The authors of CAFE include Yuqi Bai, Hao Xu, Ke Yan, Chang Xiao, Sha Li etc.
If you have any questions about CAFE, please send email to us.
Email:xuhao13@mails.tsinghua.edu.cn
Address:Center for Earth System Science,Tsinghua University,Beijing,China,100084
CAFE includes THREE Repositories: CAFE_NODE,CAFE_SCRIPTS and CAFE_PORTAL
##Introduction Environmental science study has experienced considerable revolutions in recent years due to significant advances in high performance computing, storage and networking technologies.To assist scientists to work efficiently with distributed datasets, and to allow them to focus their efforts on their research rather than prepare data and write repetitive analytic scripts, we propose Collaborative Analysis Framework for Environmental data (CAFE), a Java-based distributed framework. We provide a server-side package to be installed on each data node and a web user interface package configured for accessing of end users. Multiple data nodes could collaborate with each other to fulfil concurrent multi-node data analysis work. Scientists can discover their interested data, submit analytic tasks and retrieve analysis results from the web user interface. CAFE aims to make scientists easily discover and analyze distributed data from multiple sources as if they are using data stored in a local centralized archive and provide extensible solutions for analytic method sharing.

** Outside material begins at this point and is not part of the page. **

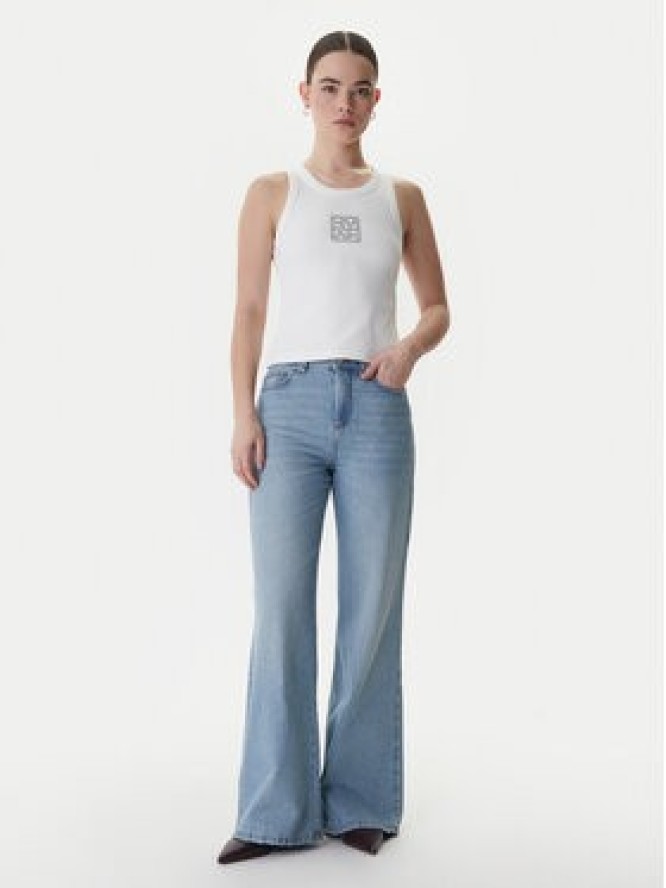 Marella Jeansy 2613181014 Niebieski Wide Leg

##Architecture CAFE is supposed to enable efficient data query and large scale collaborative analysis of environmental data. To fulfil this design goal, CAFE is designed to mainly include four parts: data index module, task managing module, data analysis module and Web-based user interface. Besides, there is a central server used for the management of global nodes and data. All the nodes absorbed in CAFE network are peer to peer and united by common protocols and interfaces. CAFE consists of a server-side package and a web user interface package. The server-side package integrates index module, task managing module and data analysis module, and will be installed at each node. The web user interface package includes the web user interface and related services, can be configured at any web server.

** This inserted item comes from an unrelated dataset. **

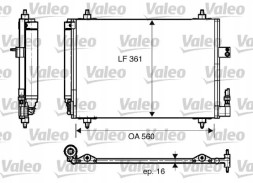 Valeo 817824 Конденсатор радіатора кондиціонування повітря 817824 valeo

##Workflow A typical scientific data analysis workflow in CAFE consists of the following steps: 1) the user selects datasets and analytic function and submit the analysis task through the Web-based user interface; 2) the task managing module parses the task and decomposes it into several sub-tasks, where one dataset corresponds to one sub-task; 3) all the sub-tasks are dispatched to the nodes where the datasets are stored; 4) all the sub-tasks are fulfilled by invoking the corresponding analytic functions locally; 5) after all the sub-tasks are finished, the task managing module collects the results and sends compiled analysis results back to the user through the Web-based user interface; 6) the user can download the analysis results in the last step.

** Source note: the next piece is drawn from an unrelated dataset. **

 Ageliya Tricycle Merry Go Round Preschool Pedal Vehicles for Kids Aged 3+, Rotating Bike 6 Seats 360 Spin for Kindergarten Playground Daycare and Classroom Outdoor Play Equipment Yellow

##Web user interface The web-based user interface provides a user-friendly way for researchers to query and analyze environmental data through the web browser.It mainly includes six parts, respectively are initialization, search, task submission, task list checking, task detail checking and results retrieval. If a user wants to use analytic functions in CAFE he has to register an account first, and then log in. The user can filter the dataset by specifying institute, project, frequency, etc. After selecting desired datasets to the list, the application will send a request to the node and obtain the information of available analytic functions. The user can choose the analytic function, set the corresponding parameters and submit a task. When the user submits the task form, the information of seleted analytic function will be queried and used to validate input parameters. The application regularly sends requests to the node to retrieve real-time status of tasks by APIs. Asynchronous refreshing is utilized to show real-time status of each task. The user can compare the results of different sub-tasks from the task detail page and download different kinds of results. The web page will demonstrate the graphs or the charts of the results and provide download links of multi-format result files.